I have to apologize because I feel like my blog took on a more negative tone than what I want, and I want to be a positive force in this world, not negative. So I definitely don't want to bring anyone down, and I apologize if I did.
That being said, I also started this blog because I want to spread the message of veganism, but I also selfishly started it as a way for me to get happy and healthy, and part of that is expressing how you feel, and if venting on my blog is going to help me stay on the path of no cigarettes, than I am always going to try to make the healthy choice. This week has been super challenging for me, and I'm still learning how to cope with life without smoking and drinking the feelings away and it is hard, especially when you live in a place where being unhealthy and miserable is celebrated, and anything else is weird. So this week I am battling that side of me saying " if you can't beat em, join em. "
I also think that maybe some people out there may not know how much of a fight we have on our hands. When I lived in Seattle, I certainly didn't know that racism was still this bad. I lived in the wonderful bubble of Seattle and was completely unaware that there are parts of America that don't care about the environment, don't care about human rights or animal rights. So this has been very eye opening.
I'm also aware of my own hypocrisy, as I scream tolerance and compassion, yet I have no tolerance or compassion for intolerant people full of isms, so I guess that's a flaw I have to work on. I don't know if anyone has been face to face with hate, but I have and when someone is looking you in the eye and ranting using the n word to describe people, it's a dark place, and I don't know if I will ever be able to have compassion for that mindset.
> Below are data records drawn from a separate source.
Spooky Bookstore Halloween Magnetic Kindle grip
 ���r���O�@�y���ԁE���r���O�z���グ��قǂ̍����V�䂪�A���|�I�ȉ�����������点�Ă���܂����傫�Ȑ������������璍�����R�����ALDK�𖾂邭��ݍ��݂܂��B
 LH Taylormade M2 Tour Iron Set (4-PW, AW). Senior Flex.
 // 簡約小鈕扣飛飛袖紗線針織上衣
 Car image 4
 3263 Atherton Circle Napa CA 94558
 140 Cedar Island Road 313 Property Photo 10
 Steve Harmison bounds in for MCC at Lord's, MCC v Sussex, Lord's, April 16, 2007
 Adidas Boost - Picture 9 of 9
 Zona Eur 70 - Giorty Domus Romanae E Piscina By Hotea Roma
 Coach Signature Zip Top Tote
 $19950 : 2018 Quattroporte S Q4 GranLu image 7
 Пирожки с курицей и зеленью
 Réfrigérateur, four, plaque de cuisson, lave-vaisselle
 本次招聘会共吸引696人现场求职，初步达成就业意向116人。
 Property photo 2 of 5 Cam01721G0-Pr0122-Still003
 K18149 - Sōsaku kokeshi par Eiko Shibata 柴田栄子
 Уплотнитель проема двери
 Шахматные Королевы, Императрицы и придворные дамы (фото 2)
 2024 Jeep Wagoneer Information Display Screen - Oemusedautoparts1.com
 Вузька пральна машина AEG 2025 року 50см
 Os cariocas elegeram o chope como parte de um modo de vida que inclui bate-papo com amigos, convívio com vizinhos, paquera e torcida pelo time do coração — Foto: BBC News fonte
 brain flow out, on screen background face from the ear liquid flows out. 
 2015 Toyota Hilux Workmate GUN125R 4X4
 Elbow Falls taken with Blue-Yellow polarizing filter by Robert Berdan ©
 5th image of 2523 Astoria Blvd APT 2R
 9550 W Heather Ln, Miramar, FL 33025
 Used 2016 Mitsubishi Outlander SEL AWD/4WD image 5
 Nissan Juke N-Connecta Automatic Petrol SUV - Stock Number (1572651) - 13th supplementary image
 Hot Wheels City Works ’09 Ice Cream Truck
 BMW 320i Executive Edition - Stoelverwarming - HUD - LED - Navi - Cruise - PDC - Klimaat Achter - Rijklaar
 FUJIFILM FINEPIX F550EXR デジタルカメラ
Maybe I will just have to let myself be a hypocrite on this one.
So I guess I'm apologizing, but also saying that I can't promise I won't be venting again because I am fighting to keep my sanity, and continue down a more fulfilling path, and as pathetic as it sounds to my own ears, this blog is pretty much all I have right now to air my feelings as I have an almost non-existent support system.(hi Drew)
Now onto gratitude. 1) I'm grateful that I feel a little bit stronger today than I did yesterday 2) I'm grateful that I have a safe place to call home 3) I'm grateful for my wonderful grandparents who were my everything when I was a child, and I believe they helped make me who I am today as they always celebrated my love of animals and their three dogs, Muffy, Angel, and Lucy always made me so happy.